Jenny Ting, PhD
|William Rand Kenan Professor
Dept. of Genetics
Director, Center for Translational Immunology
School of Medicine
University of North Carolina at Chapel Hill
Jenny Ting studies innate immune sensors and receptors and their roles in infection, cancer and inflammation. Her group first described the human NLR gene family to include a few known and sixteen new genes. She has studied the divergent roles of this family and has uncovered their roles in transcriptional activation, cytokine processing, cell death and autophagy. Her group was among the first to show the unexpected finding that NLRP3, ASC and caspase 1/11 protected against colitis and colitis-associated colon cancer. She also showed that these same players can activate an inflammatory response to a high fat diet, specifically in response to saturated fatty acid.

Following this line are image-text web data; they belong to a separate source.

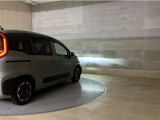 LEDヘッドランプです。十分な明るさを保ちつつも消費電力が少なく、バルブ寿命も長いのが特徴です。瞬時にMAXの光量を発揮するのもLEDならではです。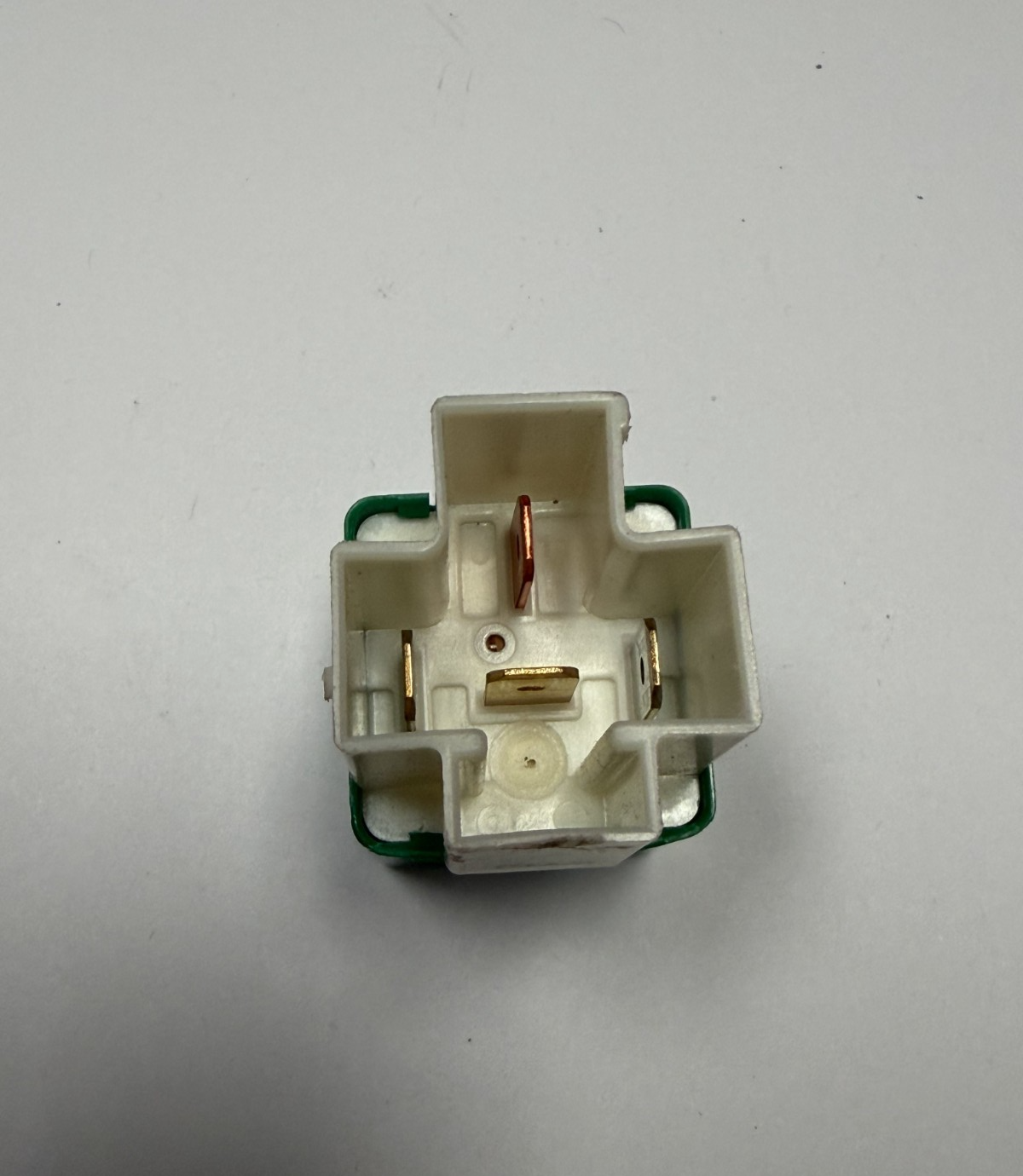 1991-1995 Toyota Pickup Cooling Fan Relay 90987 03003, 156700 0130 Green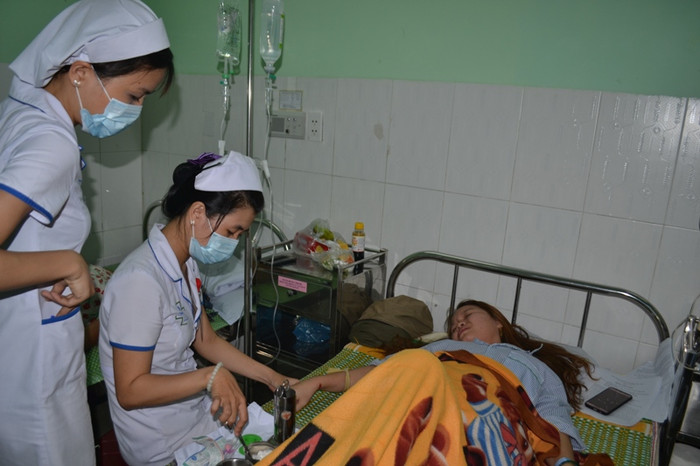 Cô Mai hiện đang được điều trị tại Bệnh viện Đa khoa Vĩnh Đức với vết thương lủng màng nhĩ, chấn thương đầu. Ảnh: TT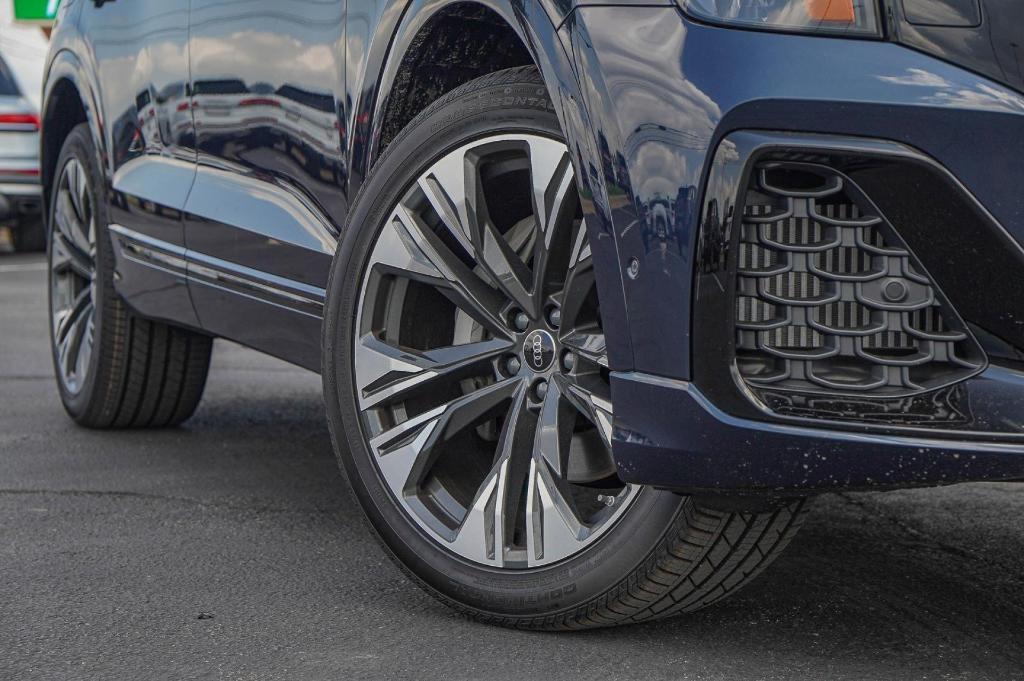 new 2025 Audi Q8 car, priced at $77,242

A number of NLRs referred to as “inhibitory NLRs”, serve as negative regulators of cell signaling pathways such as NFkB, MAPK and STAT. Interestingly these proteins play an anti-inflammatory role by keeping in check a signaling threshold, thus preventing inflammatory diseases. With translational and clinical relevance in mind, her group has published several papers indicating that while expression of the inflammasome NLRs is enhanced in inflammatory conditions, the expression of inhibitory NLRs (iNLR’s) is decreased, which is consistent with their negative regulatory functions. Recently they have linked iNLRs and the maintenance of a protective microbiome, and have shown that specific bacteria can mediate anti-inflammatory functions.
Relevance of Research to CGIBD Mission: Dr. Ting’s lab has conducted important research on the NLR gene family. Members of this family protect against colitis and colitis associated colon cancer. She is an active collaborator with a number of CGIBD members.